Single by the Bee Gees
- A-side: "Jumbo"; (double A-side);
- Released: March 1968
- Recorded: 8 January 1968
- Genre: Baroque pop
- Length: 3:07 (Original version) 3:19 (1990 mixed version)
- Label: Polydor (United Kingdom) Atco (United States)
- Songwriter: Barry, Robin & Maurice Gibb
- Producers: Robert Stigwood, Bee Gees

The Bee Gees singles chronology
| "Sinking Ships" (1968) | "The Singer Sang His Song" (1968) | "Kitty Can" (1968) |

= The Singer Sang His Song =

"The Singer Sang His Song" is a song by the Bee Gees, written by Barry and Robin and released in early 1968 as a single along with Jumbo. In some countries the song was the B-side of Jumbo but in others they were promoted as a double A-side.

==Recording and mixing==

This track was only issued as a single and not included on a studio album at the time, so by standard practice at the time, it was not mixed to stereo. The song was recorded on 8 January 1968, the same day the song "Down to Earth" was recorded, which was included on their third international album Idea and "Chocolate Symphony", now included on the expanded version of Idea released in 2007.
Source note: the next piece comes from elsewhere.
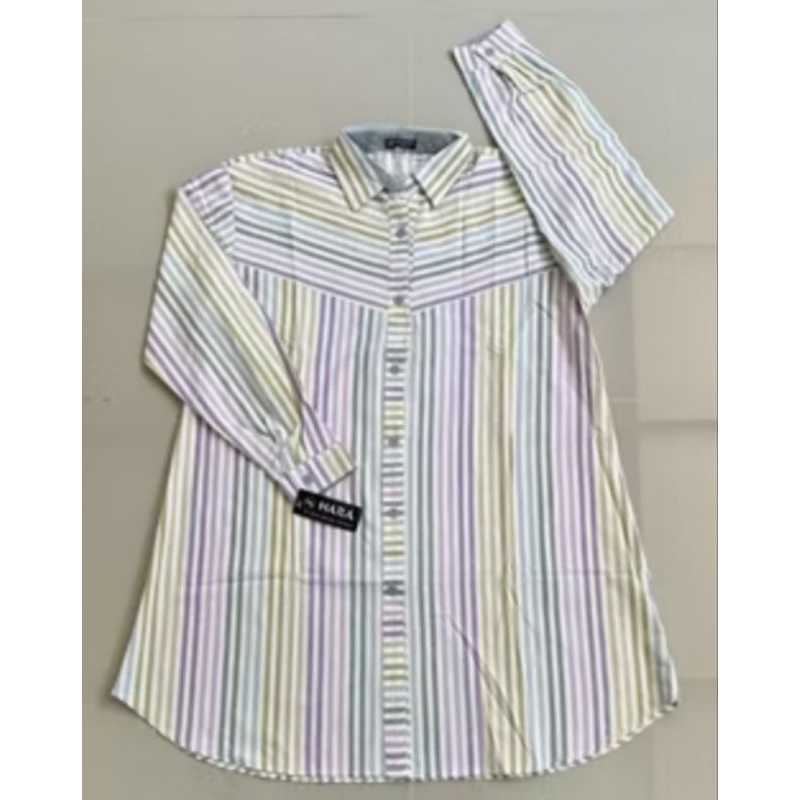 Tunik Hara Jumbo Motif Salur Terbaru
The song was unavailable until 1990 when it was mixed in stereo for the first time and extended to 3:19 for inclusion on the Tales from the Brothers Gibb boxset. A remastered version featured on the deluxe edition of Idea released in 2006. Its promotional video was filmed in black and white, which featured a man and woman running in a park, interspersed with The Bee Gees performing on stage. It reached No. 25 in the UK.

==Release==
Maurice Gibb explained about this song:

The only time Robert was wrong when he said to release "Jumbo" as the A-side instead of the flipside "The Singer Sang His Song." We thought that was going to be the A-side, but Atlantic convinced Robert, and Robert had been convinced by Vince and Colin 'cause they liked playing a bit more bluesy stuff, Robert said 'never again will I let anybody talk me into anything'.

The band's manager Robert Stigwood also explained about this song:

I also now realise it was a mistake to release it [Jumbo] as an A-side in Britain because the public still want big, emotional ballads from the boys.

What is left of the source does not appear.